[Work request]:
Could you copy each line of the listing that holds "Missing"?
******
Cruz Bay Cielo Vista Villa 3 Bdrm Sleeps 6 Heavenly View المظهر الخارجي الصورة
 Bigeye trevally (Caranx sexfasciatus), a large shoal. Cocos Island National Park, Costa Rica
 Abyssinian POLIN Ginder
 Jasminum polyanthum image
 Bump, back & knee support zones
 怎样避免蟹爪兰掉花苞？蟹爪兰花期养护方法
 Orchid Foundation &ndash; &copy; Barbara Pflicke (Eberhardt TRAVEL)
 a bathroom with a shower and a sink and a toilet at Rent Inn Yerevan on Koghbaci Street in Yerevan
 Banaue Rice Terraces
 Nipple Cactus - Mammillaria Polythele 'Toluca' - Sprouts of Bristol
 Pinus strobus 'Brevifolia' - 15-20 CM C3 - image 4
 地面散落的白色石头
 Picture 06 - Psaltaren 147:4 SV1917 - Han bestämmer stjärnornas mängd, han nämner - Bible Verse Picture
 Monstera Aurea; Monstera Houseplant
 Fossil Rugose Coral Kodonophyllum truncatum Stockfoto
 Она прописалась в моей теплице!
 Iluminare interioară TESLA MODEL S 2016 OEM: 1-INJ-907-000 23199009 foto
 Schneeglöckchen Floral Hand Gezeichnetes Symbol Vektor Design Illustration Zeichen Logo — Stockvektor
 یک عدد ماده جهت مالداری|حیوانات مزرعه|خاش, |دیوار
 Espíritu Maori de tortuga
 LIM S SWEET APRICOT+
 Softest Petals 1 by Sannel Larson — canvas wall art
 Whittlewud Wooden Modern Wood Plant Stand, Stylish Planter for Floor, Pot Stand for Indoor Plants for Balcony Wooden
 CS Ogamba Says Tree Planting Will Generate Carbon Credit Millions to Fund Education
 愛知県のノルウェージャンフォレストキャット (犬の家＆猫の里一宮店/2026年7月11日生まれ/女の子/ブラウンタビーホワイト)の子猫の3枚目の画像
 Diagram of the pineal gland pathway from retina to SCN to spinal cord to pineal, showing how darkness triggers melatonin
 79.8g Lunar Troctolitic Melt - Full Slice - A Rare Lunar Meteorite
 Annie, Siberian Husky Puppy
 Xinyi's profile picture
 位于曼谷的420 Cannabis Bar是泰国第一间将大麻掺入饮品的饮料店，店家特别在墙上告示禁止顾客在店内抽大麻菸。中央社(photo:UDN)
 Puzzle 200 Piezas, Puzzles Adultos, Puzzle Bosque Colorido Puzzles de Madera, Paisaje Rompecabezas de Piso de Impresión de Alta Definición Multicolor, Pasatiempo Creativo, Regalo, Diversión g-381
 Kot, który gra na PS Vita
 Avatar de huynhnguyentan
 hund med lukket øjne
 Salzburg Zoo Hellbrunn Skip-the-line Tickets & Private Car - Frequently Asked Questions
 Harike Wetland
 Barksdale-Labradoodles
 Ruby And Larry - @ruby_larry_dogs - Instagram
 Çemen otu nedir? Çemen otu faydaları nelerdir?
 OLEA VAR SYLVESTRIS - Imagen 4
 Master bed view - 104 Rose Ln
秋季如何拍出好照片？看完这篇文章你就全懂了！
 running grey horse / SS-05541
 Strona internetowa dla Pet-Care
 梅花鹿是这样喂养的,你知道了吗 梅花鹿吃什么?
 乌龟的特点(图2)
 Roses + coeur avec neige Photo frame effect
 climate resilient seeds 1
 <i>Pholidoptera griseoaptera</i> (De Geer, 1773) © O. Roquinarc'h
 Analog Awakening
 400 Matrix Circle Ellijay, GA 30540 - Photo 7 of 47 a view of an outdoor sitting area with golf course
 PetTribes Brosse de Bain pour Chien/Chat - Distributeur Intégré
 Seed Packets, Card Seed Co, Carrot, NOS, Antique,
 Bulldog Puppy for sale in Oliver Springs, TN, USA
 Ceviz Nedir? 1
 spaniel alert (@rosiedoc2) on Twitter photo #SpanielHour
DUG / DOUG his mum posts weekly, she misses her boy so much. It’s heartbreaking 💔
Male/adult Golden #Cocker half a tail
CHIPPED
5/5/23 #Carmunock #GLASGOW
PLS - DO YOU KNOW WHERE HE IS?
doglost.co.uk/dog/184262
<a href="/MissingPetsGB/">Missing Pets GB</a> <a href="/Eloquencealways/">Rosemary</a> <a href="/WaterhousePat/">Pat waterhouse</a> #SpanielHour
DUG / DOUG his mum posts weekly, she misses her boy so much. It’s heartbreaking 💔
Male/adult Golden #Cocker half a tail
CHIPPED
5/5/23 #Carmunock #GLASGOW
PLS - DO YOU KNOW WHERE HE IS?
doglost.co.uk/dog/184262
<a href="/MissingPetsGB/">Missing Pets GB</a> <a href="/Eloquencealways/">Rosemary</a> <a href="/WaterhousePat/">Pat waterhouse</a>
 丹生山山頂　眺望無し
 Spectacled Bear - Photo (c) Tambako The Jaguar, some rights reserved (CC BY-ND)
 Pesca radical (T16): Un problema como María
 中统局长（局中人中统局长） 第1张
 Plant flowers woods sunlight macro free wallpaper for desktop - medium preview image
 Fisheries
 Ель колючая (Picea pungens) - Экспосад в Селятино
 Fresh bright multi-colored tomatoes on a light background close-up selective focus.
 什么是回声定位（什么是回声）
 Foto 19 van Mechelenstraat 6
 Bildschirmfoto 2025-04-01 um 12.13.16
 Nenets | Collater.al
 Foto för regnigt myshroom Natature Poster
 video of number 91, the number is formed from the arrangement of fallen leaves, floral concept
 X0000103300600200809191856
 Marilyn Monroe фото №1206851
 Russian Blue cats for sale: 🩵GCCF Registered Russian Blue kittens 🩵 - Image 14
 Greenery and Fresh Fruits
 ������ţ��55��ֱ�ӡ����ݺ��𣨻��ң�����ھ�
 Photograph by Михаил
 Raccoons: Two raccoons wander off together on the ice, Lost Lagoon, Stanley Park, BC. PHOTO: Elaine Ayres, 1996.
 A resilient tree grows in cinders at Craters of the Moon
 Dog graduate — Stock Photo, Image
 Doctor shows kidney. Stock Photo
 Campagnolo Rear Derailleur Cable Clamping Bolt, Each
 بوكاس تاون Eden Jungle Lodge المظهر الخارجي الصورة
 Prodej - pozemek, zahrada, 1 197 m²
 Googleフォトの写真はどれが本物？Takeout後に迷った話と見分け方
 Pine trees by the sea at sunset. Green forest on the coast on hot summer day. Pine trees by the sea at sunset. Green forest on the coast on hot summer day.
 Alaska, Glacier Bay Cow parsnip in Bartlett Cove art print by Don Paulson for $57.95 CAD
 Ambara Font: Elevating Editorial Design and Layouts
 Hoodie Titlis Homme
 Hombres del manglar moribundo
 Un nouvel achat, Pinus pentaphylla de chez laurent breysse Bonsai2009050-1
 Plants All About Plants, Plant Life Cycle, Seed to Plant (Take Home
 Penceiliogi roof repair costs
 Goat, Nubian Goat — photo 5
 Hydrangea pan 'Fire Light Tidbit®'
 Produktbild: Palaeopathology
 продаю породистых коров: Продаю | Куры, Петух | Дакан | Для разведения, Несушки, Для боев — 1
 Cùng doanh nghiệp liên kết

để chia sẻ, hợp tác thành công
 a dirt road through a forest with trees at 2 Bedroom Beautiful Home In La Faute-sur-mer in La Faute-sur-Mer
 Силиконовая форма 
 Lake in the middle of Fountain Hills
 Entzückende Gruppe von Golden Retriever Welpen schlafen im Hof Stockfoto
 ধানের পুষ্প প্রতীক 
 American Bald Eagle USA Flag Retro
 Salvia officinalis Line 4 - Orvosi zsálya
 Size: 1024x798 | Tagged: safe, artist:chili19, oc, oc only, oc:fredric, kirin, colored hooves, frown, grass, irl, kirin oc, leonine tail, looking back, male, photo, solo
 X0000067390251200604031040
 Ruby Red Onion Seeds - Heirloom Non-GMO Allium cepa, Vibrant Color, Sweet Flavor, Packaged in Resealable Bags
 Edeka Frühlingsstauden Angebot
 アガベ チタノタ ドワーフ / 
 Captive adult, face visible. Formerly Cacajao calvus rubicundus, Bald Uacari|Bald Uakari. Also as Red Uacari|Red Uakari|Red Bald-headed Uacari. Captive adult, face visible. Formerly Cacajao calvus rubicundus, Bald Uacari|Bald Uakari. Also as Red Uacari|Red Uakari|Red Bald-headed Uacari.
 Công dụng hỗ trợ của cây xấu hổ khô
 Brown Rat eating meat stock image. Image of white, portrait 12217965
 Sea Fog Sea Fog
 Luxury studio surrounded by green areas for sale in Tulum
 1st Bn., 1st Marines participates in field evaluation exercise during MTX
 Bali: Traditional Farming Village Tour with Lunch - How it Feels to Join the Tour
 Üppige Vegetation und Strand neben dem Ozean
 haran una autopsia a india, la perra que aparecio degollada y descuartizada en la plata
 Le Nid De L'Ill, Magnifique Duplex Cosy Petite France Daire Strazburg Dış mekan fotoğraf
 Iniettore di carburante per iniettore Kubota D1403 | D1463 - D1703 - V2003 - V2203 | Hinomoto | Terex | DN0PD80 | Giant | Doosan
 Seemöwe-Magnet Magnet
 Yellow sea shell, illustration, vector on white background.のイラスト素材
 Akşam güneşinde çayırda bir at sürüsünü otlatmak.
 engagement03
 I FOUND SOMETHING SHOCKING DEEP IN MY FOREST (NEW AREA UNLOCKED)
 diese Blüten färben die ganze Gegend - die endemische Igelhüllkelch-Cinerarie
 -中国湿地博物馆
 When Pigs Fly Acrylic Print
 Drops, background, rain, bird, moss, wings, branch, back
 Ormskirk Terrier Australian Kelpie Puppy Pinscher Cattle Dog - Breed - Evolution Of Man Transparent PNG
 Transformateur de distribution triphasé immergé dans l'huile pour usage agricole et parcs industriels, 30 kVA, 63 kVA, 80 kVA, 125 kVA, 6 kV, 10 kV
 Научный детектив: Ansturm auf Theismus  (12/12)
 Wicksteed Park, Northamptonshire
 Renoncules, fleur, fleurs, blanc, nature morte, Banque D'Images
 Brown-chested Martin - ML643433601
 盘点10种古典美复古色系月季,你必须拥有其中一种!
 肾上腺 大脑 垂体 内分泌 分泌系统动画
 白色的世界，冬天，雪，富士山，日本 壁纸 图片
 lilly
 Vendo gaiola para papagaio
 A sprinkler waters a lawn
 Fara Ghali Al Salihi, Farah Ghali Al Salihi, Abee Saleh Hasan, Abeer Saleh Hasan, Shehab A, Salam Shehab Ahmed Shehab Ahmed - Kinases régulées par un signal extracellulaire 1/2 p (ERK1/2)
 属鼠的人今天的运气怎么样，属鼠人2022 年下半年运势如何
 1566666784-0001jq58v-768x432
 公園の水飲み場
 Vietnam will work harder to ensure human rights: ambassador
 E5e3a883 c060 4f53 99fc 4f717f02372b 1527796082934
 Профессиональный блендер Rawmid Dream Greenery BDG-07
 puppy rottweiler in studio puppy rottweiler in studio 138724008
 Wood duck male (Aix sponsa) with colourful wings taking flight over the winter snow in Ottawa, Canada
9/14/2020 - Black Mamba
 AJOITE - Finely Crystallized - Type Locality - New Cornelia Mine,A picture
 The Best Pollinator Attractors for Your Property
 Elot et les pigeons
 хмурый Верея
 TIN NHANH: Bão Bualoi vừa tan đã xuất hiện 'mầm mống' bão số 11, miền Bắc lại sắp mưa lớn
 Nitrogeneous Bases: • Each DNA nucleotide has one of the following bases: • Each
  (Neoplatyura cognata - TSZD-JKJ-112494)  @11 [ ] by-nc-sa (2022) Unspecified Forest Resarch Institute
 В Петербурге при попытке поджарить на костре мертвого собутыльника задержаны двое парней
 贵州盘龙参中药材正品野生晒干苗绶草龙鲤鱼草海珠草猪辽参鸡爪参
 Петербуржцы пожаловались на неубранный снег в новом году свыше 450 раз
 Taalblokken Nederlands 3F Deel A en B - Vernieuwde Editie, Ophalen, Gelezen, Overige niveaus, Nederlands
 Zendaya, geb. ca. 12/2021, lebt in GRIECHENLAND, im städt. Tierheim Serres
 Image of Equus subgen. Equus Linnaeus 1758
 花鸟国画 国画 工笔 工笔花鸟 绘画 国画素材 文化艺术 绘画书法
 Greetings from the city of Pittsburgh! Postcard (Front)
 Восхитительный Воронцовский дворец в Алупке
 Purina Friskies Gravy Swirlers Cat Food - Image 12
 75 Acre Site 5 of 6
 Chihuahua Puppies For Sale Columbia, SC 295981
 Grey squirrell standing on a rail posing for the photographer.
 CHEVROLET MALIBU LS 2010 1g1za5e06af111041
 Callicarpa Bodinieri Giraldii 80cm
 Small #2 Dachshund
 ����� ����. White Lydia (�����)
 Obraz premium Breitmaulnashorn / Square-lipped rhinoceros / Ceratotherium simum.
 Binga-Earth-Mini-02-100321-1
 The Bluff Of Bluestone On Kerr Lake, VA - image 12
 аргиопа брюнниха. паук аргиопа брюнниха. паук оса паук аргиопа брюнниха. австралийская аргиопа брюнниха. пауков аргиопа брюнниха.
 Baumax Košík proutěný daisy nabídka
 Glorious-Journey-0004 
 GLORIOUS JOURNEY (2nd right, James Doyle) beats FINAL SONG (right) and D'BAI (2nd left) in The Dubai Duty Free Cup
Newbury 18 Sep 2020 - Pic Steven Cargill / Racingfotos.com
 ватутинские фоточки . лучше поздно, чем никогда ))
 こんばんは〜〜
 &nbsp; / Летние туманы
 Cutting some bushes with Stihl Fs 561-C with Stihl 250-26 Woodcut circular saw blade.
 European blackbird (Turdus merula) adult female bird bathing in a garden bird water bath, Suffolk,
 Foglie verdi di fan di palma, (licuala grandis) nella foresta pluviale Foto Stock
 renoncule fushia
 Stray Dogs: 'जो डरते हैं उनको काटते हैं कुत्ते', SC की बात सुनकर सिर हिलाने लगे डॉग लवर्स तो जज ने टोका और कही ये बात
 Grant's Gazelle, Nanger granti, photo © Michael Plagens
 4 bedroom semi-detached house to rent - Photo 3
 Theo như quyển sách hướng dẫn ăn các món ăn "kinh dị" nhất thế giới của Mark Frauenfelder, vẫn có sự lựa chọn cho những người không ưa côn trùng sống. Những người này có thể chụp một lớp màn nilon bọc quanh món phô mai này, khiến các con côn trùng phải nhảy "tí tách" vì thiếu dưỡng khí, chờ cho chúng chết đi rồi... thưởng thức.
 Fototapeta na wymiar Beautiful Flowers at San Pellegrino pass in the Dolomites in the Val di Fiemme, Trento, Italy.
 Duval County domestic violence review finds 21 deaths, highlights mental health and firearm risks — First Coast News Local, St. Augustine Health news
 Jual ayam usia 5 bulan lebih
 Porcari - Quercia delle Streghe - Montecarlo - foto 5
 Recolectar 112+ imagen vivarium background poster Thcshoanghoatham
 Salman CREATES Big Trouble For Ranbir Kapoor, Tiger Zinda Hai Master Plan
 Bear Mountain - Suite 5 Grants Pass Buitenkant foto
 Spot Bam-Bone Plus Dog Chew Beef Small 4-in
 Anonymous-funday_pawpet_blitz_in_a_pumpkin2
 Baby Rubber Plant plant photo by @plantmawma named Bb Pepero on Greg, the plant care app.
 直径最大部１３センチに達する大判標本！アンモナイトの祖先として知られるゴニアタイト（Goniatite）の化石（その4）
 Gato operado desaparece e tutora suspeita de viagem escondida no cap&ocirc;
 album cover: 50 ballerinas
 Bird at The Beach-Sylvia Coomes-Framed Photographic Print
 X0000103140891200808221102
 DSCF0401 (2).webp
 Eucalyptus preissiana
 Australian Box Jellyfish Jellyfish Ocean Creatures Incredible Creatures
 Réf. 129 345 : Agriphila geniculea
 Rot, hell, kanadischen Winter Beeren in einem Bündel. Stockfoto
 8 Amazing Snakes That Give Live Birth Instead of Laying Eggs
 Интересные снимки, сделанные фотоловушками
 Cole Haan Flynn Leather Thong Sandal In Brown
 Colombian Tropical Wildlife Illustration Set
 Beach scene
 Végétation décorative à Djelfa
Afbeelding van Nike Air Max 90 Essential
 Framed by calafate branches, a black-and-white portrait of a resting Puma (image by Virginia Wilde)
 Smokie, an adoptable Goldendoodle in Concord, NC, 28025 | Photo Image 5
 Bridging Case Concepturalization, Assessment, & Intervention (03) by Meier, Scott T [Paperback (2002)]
******
[Solution to this task]:
<a href="/MissingPetsGB/">Missing Pets GB</a> <a href="/Eloquencealways/">Rosemary</a> <a href="/WaterhousePat/">Pat waterhouse</a> #SpanielHour
<a href="/MissingPetsGB/">Missing Pets GB</a> <a href="/Eloquencealways/">Rosemary</a> <a href="/WaterhousePat/">Pat waterhouse</a>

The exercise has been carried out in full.